## STORED DATA
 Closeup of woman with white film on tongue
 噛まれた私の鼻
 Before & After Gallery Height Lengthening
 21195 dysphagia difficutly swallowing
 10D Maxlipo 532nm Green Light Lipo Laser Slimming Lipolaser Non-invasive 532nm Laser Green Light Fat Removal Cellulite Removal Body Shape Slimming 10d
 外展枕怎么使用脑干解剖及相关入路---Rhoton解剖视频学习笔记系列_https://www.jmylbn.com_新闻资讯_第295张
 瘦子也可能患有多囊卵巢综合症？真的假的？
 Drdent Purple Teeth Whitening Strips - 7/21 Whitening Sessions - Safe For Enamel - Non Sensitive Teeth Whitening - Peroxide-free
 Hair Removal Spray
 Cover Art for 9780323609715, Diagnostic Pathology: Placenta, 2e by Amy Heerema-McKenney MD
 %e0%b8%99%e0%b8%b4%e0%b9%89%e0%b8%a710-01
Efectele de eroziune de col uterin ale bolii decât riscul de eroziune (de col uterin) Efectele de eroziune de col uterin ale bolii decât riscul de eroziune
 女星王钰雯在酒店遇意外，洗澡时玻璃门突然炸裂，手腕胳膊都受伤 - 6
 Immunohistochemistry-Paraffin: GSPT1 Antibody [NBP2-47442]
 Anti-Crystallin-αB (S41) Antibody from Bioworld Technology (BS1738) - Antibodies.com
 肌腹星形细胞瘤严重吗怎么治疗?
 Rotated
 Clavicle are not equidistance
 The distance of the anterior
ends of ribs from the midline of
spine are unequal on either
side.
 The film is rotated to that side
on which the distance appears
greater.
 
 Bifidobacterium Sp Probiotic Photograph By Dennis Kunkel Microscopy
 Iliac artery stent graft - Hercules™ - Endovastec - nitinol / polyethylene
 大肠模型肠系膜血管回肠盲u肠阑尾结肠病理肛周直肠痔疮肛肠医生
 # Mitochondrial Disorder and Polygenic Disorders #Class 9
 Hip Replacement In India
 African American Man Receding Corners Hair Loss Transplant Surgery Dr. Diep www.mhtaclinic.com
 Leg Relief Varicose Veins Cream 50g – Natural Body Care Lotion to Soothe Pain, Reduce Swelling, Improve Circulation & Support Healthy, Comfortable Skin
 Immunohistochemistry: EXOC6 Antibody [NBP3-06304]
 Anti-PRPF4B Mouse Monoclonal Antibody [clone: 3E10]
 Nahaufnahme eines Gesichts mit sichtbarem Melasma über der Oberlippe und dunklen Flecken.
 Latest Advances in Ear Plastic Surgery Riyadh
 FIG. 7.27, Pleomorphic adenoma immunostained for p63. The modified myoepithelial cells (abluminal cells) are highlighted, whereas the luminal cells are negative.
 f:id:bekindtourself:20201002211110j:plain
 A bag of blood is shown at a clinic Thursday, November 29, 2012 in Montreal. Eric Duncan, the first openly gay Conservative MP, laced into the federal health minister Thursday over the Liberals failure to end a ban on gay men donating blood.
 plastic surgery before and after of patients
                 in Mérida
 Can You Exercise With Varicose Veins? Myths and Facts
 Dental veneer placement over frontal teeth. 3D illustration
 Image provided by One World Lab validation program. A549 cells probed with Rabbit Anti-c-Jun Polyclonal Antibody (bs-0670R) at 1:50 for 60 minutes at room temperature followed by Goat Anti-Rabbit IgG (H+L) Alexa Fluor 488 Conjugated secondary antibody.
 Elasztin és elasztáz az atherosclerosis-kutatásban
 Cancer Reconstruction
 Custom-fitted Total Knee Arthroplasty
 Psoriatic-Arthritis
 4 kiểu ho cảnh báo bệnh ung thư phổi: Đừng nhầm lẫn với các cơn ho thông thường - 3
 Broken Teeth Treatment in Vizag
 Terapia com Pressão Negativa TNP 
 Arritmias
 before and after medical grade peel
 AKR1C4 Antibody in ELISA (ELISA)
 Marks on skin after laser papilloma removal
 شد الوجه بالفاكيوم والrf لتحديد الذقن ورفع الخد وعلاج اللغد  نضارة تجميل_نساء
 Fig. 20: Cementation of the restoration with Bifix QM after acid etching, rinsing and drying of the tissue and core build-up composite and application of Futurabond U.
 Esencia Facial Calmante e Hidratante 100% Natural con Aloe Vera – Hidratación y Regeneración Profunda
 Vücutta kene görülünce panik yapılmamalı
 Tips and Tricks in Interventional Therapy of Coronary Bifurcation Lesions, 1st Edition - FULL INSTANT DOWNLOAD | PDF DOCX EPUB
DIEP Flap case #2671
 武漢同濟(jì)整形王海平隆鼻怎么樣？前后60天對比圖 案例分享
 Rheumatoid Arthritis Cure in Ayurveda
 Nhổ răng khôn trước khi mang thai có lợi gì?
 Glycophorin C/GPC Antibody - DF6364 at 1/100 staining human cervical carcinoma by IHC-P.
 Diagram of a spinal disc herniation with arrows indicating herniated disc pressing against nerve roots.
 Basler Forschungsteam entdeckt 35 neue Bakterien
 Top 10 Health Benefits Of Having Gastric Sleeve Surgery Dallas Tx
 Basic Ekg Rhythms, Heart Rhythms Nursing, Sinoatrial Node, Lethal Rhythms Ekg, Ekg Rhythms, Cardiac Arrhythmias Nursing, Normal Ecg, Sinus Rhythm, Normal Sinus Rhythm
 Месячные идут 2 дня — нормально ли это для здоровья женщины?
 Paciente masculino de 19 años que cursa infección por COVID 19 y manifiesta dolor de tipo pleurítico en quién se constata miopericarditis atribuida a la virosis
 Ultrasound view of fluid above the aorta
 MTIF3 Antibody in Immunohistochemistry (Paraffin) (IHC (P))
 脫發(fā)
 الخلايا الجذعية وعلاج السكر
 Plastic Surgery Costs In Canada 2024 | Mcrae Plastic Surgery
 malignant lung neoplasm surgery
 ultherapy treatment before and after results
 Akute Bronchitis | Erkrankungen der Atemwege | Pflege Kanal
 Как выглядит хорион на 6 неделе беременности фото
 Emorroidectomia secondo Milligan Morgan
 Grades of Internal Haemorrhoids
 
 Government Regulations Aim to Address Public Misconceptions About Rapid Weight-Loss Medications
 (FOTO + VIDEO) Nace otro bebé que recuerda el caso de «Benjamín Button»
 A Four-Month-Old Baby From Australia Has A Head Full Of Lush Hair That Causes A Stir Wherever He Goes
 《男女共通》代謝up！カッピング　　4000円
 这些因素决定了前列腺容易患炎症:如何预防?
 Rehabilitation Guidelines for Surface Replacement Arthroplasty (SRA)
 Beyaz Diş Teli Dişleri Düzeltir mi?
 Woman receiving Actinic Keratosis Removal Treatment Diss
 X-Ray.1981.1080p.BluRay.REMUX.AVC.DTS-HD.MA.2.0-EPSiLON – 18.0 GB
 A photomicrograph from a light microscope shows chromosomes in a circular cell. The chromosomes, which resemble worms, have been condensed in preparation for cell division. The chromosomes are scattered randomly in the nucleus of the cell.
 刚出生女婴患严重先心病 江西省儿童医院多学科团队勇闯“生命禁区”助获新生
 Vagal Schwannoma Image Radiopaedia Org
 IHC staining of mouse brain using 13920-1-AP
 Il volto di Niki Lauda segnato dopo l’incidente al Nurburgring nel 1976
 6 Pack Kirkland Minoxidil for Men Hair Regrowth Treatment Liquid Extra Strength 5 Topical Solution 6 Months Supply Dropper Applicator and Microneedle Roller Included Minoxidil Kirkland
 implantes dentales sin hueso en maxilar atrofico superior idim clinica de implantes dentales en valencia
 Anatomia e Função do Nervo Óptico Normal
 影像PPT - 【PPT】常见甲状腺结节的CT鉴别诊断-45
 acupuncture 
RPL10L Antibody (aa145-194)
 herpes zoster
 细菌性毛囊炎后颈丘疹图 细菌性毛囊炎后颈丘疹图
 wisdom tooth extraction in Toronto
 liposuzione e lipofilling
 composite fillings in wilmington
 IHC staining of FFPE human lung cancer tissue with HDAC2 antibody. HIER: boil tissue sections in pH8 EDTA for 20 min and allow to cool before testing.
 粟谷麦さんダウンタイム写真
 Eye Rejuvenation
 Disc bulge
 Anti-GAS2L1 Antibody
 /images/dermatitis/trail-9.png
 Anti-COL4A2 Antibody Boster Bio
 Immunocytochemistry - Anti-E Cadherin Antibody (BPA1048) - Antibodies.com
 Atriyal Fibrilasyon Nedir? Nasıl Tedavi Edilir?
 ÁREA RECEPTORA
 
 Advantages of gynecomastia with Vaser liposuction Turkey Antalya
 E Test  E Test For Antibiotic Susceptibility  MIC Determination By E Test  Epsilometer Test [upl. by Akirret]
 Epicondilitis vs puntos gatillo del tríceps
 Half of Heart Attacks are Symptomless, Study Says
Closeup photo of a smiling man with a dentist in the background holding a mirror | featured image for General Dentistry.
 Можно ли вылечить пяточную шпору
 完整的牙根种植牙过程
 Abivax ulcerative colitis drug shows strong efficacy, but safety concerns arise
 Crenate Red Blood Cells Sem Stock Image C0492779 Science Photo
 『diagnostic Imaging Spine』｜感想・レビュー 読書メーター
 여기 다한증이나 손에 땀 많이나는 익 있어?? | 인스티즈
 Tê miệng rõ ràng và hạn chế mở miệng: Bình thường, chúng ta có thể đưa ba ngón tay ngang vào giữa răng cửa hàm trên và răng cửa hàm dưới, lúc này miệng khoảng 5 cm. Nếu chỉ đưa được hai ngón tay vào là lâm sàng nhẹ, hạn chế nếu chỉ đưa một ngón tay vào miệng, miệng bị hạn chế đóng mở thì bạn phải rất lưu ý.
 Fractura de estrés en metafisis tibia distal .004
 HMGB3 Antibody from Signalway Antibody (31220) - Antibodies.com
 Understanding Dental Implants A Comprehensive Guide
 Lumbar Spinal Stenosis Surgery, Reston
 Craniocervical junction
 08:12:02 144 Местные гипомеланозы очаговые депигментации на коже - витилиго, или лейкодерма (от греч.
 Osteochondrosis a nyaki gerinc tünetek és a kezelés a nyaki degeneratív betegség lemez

## REQUIRED ACTION
What is asked for is an exact copy of the lines above from the one containing "Basler Forschungsteam entdeckt" through the one containing "Paciente masculino de", and only those.

## ANSWER TO THE PROBLEM
 Basler Forschungsteam entdeckt 35 neue Bakterien
 Top 10 Health Benefits Of Having Gastric Sleeve Surgery Dallas Tx
 Basic Ekg Rhythms, Heart Rhythms Nursing, Sinoatrial Node, Lethal Rhythms Ekg, Ekg Rhythms, Cardiac Arrhythmias Nursing, Normal Ecg, Sinus Rhythm, Normal Sinus Rhythm
 Месячные идут 2 дня — нормально ли это для здоровья женщины?
 Paciente masculino de 19 años que cursa infección por COVID 19 y manifiesta dolor de tipo pleurítico en quién se constata miopericarditis atribuida a la virosis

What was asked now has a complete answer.